Bu sorunun cevabı birçoğumuz için ‘geçmişe giderdim’ oluyor. Peki neden?
Psikolojiye biraz ilginiz varsa aslında cevap çok da zor değil. Yalnız tek bir cevabı yok bu ‘neden’ sorusunun. İlki geçmişi hatırlayınca geçmişte yaşadığımız sorunlardan ziyade olumlu anıları hatırlama eğilimimiz olabilir. ‘Nerde o eski Ramazanlar?’ sözünü hatırlamayanımız ya da söylemeyenimiz çok azdır. Ya da günümüzün bozulduğunu, eskiden hayat daha basit iken birçok şeyin, daha güzel olduğunu düşündüğümüz de sık başımıza gelmiştir. Hatta bir filmi var, ‘Paris’te Geceyarısı’ diye, Woody Allen’in. Orada da geçmişe öykünme vardır.
Geçmişe öykünme derken geleceğe öykünmeyi bilmeyiz mesela. Geçmişe öykünürüz hep. Neden sorusunun son cevabı ise geçmişin bilinir olduğudur. Geçmişte ne yaşandığını biliyoruz. Ya da internetten araştırarak öğrenebiliriz. Tarih kitapları tam da bu nedenle varlar.
Peki gelecek? Gelecek deyince neden çekiniyoruz?
Bu sorunun bence basit bir cevabı var: Bilinmezlik.
Geçmiş ne kadar bilinir ise gelecek de o kadar bilinmezdir. Tahminler yürütebiliriz geleceğe dair yalnız bilme ihtimalimiz yoktur. Geçmiş ise biliniyor. Bilmediğimiz kısımları az önce dediğim gibi okuyarak ya da bilenlere sorarak öğrenme şansımız var.
Gelecek ise uzak gibi geliyor. Bilinmez, elle tutulmaz, gözle görülmez.
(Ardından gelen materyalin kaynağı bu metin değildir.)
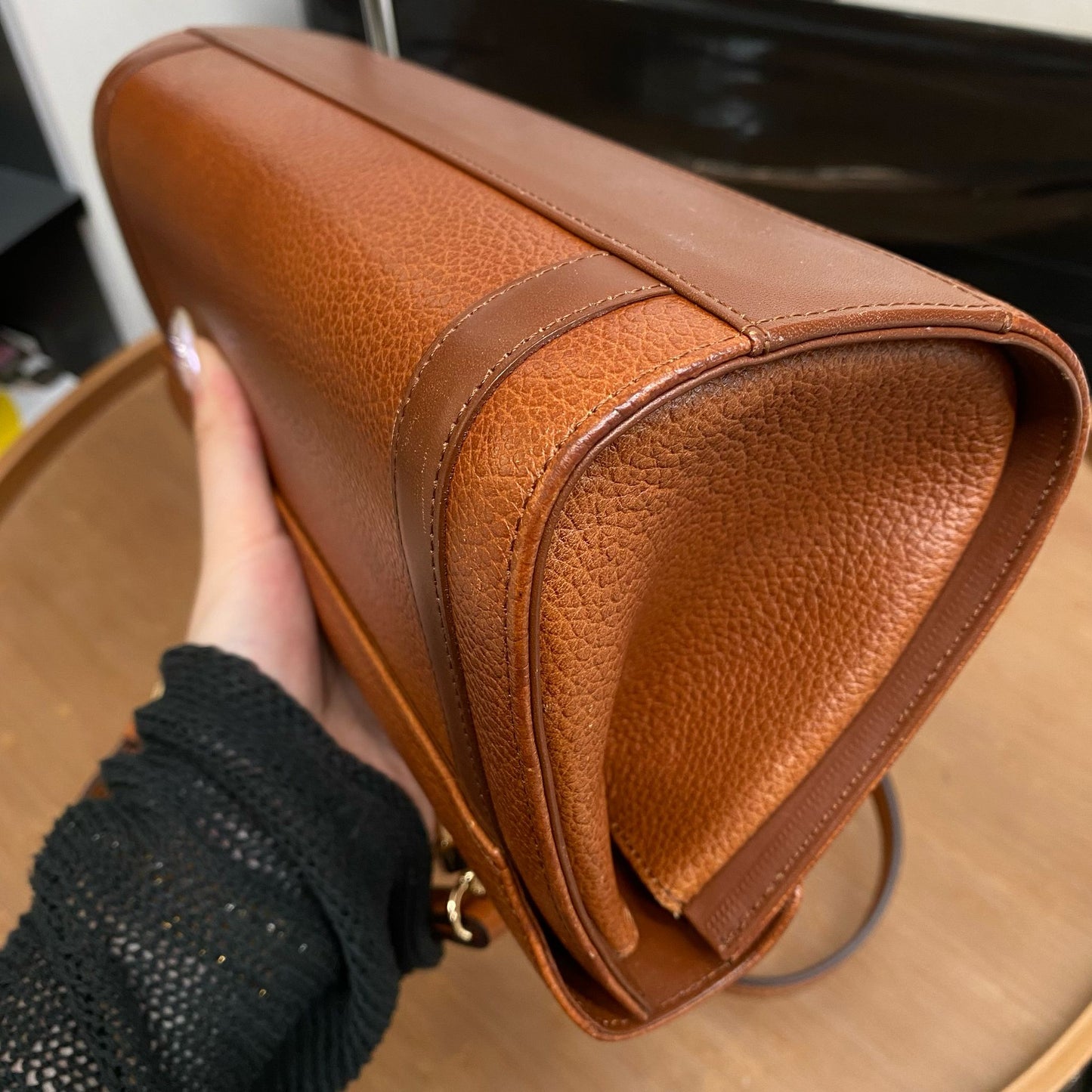Burberry手挽袋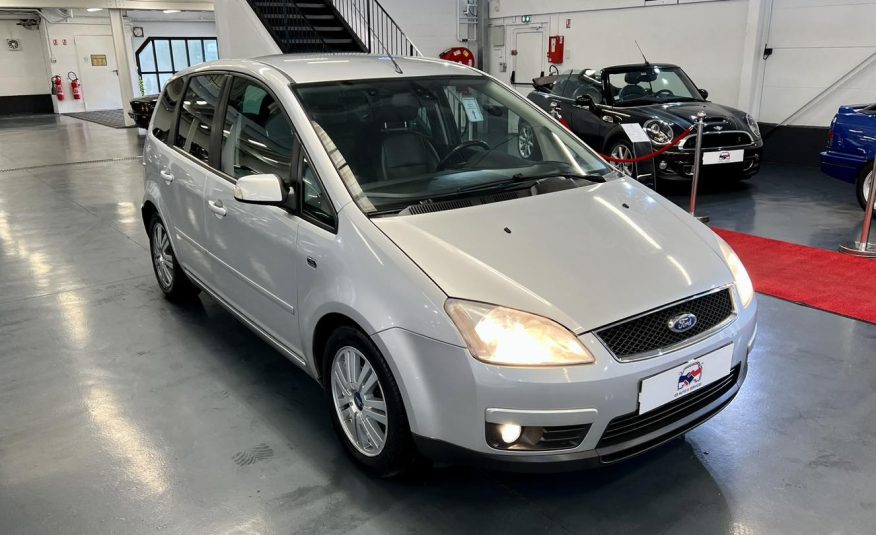 Ford Focus C-Max Ghia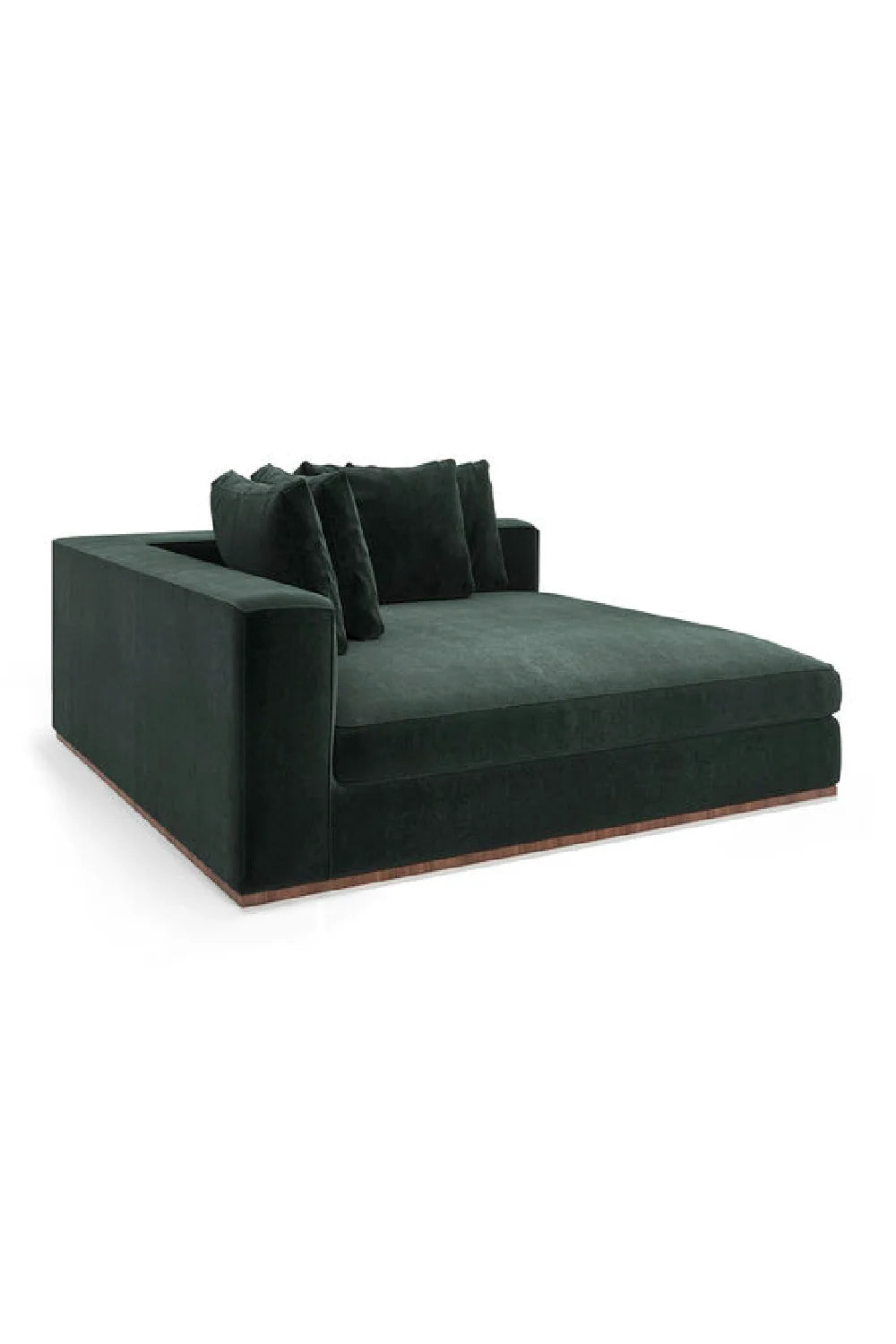 Luxury Upholstered Modular Sofa Modern Italian Style for Villa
Geleceğin geleceği de belli değil. Şairin dediği gibi, ‘Daha orada, ilk hücumda, yüzükoyun kapaklanıp ölmek de mümkün’. Yani gelecek garanti değil. Daha da önemlisi gelecekte ne olacağını bilmiyoruz henüz.
Hatta günümüzde geleceğe dair kaygıların yarattığı psikolojik sıkıntılardan dolayı ciddi rahatsızlığa sahip insanların olduğu bir çağda olduğumuzu da hatırlatmadan geçemeyeceğim. Geleceğini çok karamsar gören insanların intihar ettiklerine de haberlerde denk geldiğimiz oluyor.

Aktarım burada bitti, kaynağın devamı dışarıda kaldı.